=== EXTRACTED DATA ===
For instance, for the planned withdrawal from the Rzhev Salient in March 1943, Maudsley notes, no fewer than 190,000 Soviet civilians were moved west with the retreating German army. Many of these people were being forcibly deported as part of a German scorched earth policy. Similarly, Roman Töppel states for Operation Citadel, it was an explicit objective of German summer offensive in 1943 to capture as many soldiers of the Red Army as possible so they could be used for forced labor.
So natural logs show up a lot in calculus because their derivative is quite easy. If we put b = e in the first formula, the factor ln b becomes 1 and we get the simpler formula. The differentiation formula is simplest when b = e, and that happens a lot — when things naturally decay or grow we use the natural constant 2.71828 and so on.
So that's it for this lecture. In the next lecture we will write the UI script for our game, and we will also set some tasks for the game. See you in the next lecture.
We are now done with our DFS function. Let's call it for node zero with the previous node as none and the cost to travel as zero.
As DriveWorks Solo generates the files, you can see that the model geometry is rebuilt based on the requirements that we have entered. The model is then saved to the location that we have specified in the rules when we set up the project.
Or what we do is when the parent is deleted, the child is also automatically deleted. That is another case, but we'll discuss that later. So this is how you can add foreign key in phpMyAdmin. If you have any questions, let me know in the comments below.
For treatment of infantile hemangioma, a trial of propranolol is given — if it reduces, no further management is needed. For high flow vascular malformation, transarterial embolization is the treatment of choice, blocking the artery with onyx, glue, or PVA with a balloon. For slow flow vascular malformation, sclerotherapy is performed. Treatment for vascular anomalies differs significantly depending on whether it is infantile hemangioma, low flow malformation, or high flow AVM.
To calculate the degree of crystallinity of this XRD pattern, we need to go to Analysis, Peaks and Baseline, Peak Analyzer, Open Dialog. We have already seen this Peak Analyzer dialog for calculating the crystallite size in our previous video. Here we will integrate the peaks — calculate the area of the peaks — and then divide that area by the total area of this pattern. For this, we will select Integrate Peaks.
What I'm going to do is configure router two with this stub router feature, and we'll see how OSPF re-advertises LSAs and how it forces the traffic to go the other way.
===
→ **WHAT YOU SHOULD DO**: Each line of the data should be given back exactly.

→ **FINISHED EXERCISE**:
For instance, for the planned withdrawal from the Rzhev Salient in March 1943, Maudsley notes, no fewer than 190,000 Soviet civilians were moved west with the retreating German army. Many of these people were being forcibly deported as part of a German scorched earth policy. Similarly, Roman Töppel states for Operation Citadel, it was an explicit objective of German summer offensive in 1943 to capture as many soldiers of the Red Army as possible so they could be used for forced labor.
So natural logs show up a lot in calculus because their derivative is quite easy. If we put b = e in the first formula, the factor ln b becomes 1 and we get the simpler formula. The differentiation formula is simplest when b = e, and that happens a lot — when things naturally decay or grow we use the natural constant 2.71828 and so on.
So that's it for this lecture. In the next lecture we will write the UI script for our game, and we will also set some tasks for the game. See you in the next lecture.
We are now done with our DFS function. Let's call it for node zero with the previous node as none and the cost to travel as zero.
As DriveWorks Solo generates the files, you can see that the model geometry is rebuilt based on the requirements that we have entered. The model is then saved to the location that we have specified in the rules when we set up the project.
Or what we do is when the parent is deleted, the child is also automatically deleted. That is another case, but we'll discuss that later. So this is how you can add foreign key in phpMyAdmin. If you have any questions, let me know in the comments below.
For treatment of infantile hemangioma, a trial of propranolol is given — if it reduces, no further management is needed. For high flow vascular malformation, transarterial embolization is the treatment of choice, blocking the artery with onyx, glue, or PVA with a balloon. For slow flow vascular malformation, sclerotherapy is performed. Treatment for vascular anomalies differs significantly depending on whether it is infantile hemangioma, low flow malformation, or high flow AVM.
To calculate the degree of crystallinity of this XRD pattern, we need to go to Analysis, Peaks and Baseline, Peak Analyzer, Open Dialog. We have already seen this Peak Analyzer dialog for calculating the crystallite size in our previous video. Here we will integrate the peaks — calculate the area of the peaks — and then divide that area by the total area of this pattern. For this, we will select Integrate Peaks.
What I'm going to do is configure router two with this stub router feature, and we'll see how OSPF re-advertises LSAs and how it forces the traffic to go the other way.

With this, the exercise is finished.